Equity in Advanced Prostate Cancer Care Begins with Changing the Conversation – Pfizer
Prostate health is not a popular topic of conversation. Even in healthcare settings, patients and providers might be hesitant to discuss prostate health or cancer screening. But talking openly is not only the key to destigmatizing an important topic, it’s one of the first steps in addressing global health inequities that impact those diagnosed with prostate cancer.

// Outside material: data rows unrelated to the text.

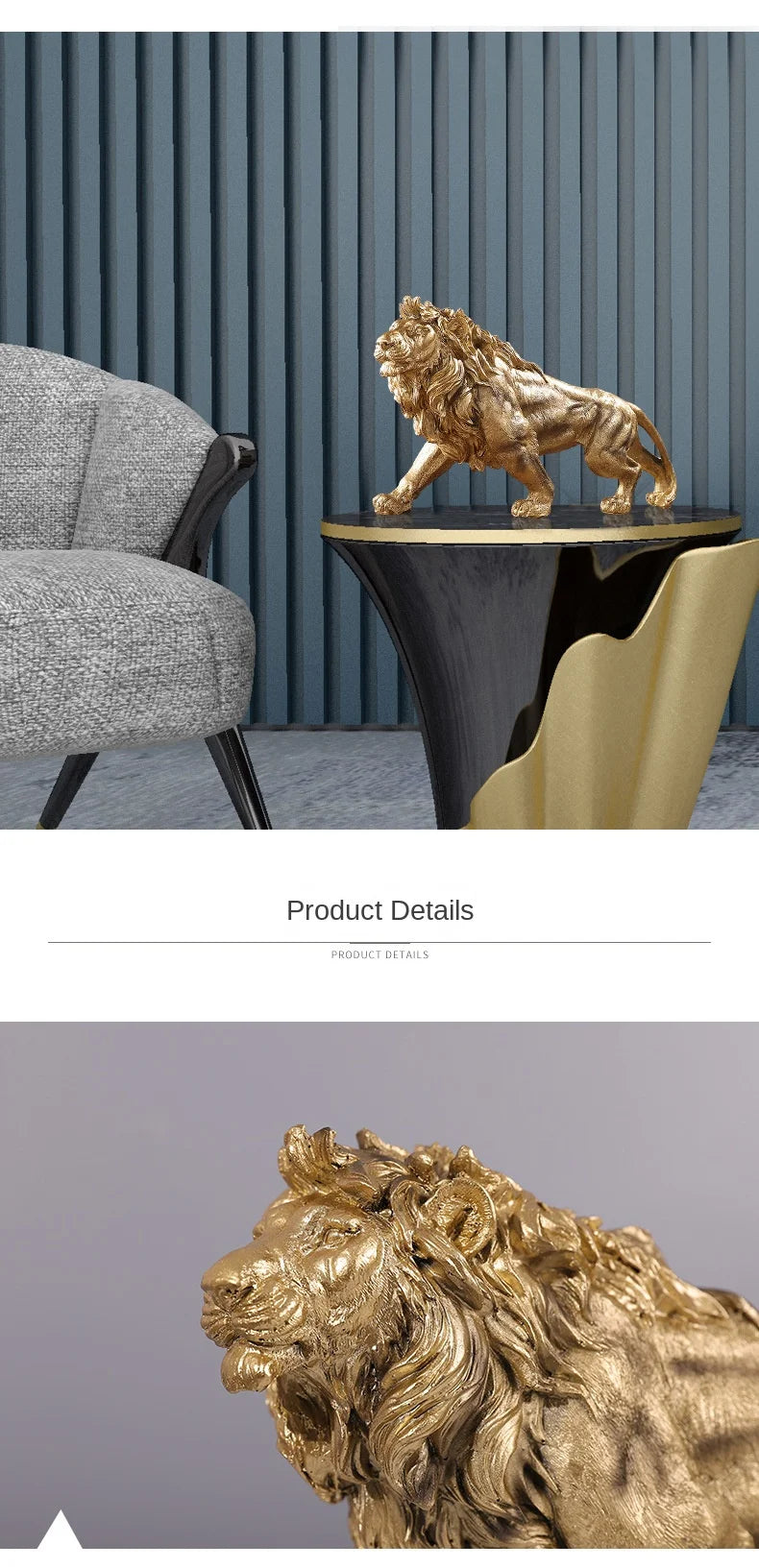 Majestic Golden Lion Sculpture – Modern Art Accent Piece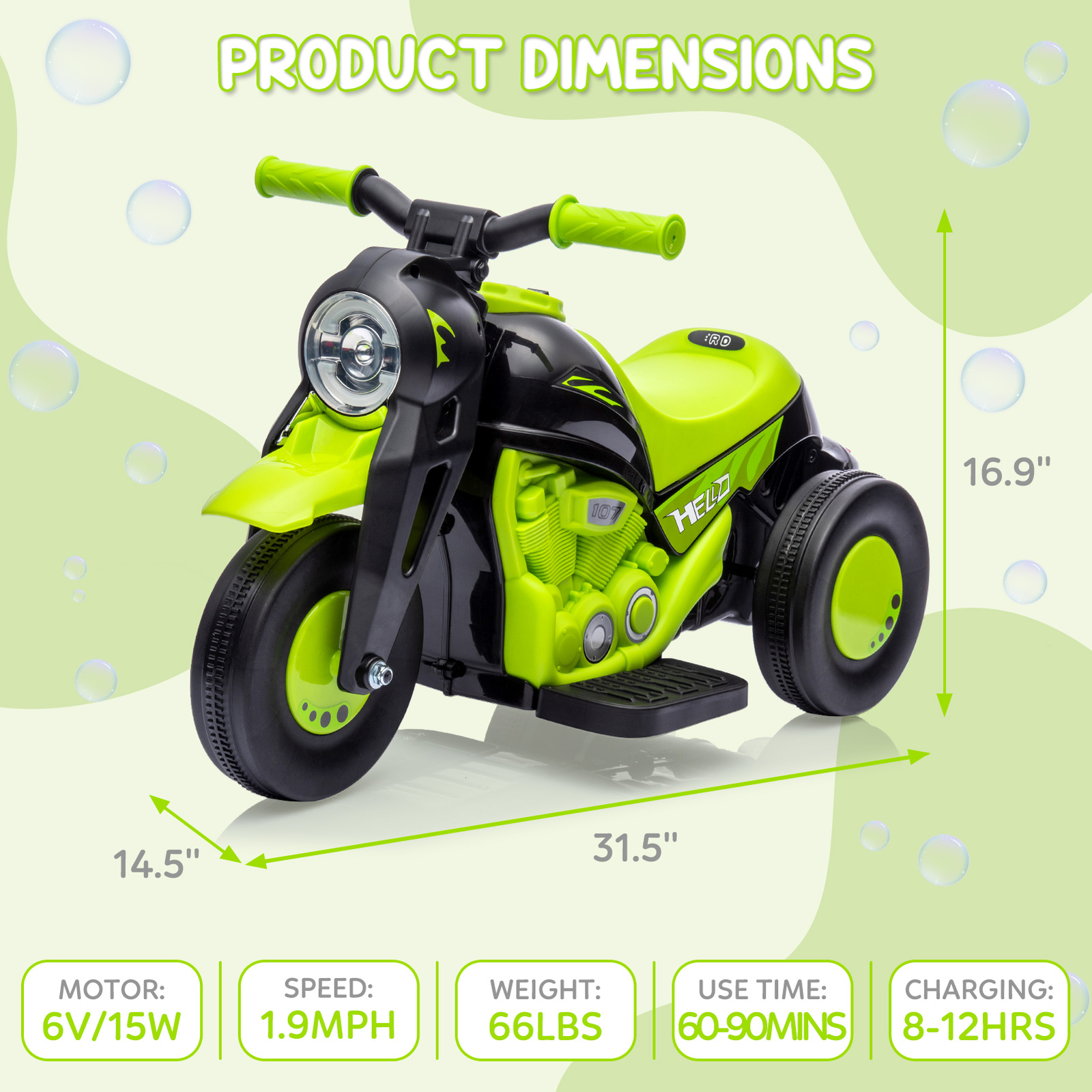 Kids Electric Motorcycle 6V Battery Powered Ride On Motorbike Toy for Boys Girls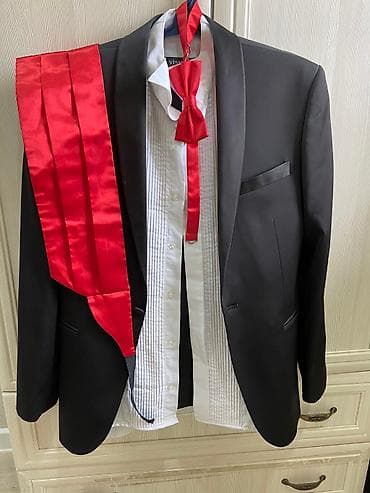 Мужской смокинг. Италия. Костюм двойка. Пиджак и брюки. Рубашка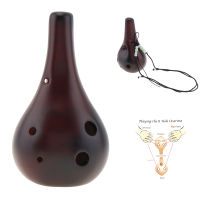 6หลุม Alto Tone C Ocarina ขลุ่ยเซรามิกเครื่องปั้นดินเผาสีดำควันเคลือบขลุ่ยเครื่องดนตรีสำหรับการเริ่มต้นที่มีเชือกแขวน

“In the past 10 years, we have seen advances in the treatment of advanced prostate cancer (aPC), but some people are still being left behind,” says Carol Choi, Global Health Equity Lead, Global GU and Lung Cancer Organization at Pfizer. “We can’t fully celebrate the successes until we address the barriers that make it harder for some people to access screening, testing, treatment, and equitable care.”
Basic Obstacles to Advanced Prostate Cancer Treatment
Prostate cancer is the second most common cancer among those assigned male at birth with more than 250,000 new cases diagnosed in the United States each year.1,2 It’s also the second leading cause of cancer death in the U.S. for the same demographic—more than 34,000 each year.2
When the disease has not spread beyond the prostate or surrounding lymph nodes, the five-year survival rate is more than 99%.3 But, too often, those assigned male at birth are less likely to participate in their healthcare by going to a primary care physician, and they’re less likely to be aware of medical screenings that they should consider as they age.3
A 2021 survey found that 25% of all men didn’t even have a healthcare provider (among Latino men, the number was 42%)4 and one-third of men believed they didn’t need annual screenings, according to a separate national poll.5 Transgender women are also at risk of prostate cancer and those who haven’t had gender-affirming surgery and are not taking gender-affirming hormone therapy have the same risks as CIS gender men.6
Once diagnosed with aPC, patients may feel undervalued in the healthcare system, embarrassed by their diagnosis, or fearful that discussing their disease could affect their relationships and perceptions of their masculinity.7
“Financial and emotional distress, physical and mental ailments, geographic and social isolation, distrust, fear, and ignorance are just some of the common barriers to accessing timely healthcare that advanced prostate cancer patients face,” says Dan George, MD, Professor of Medicine and Surgery at Duke University School of Medicine.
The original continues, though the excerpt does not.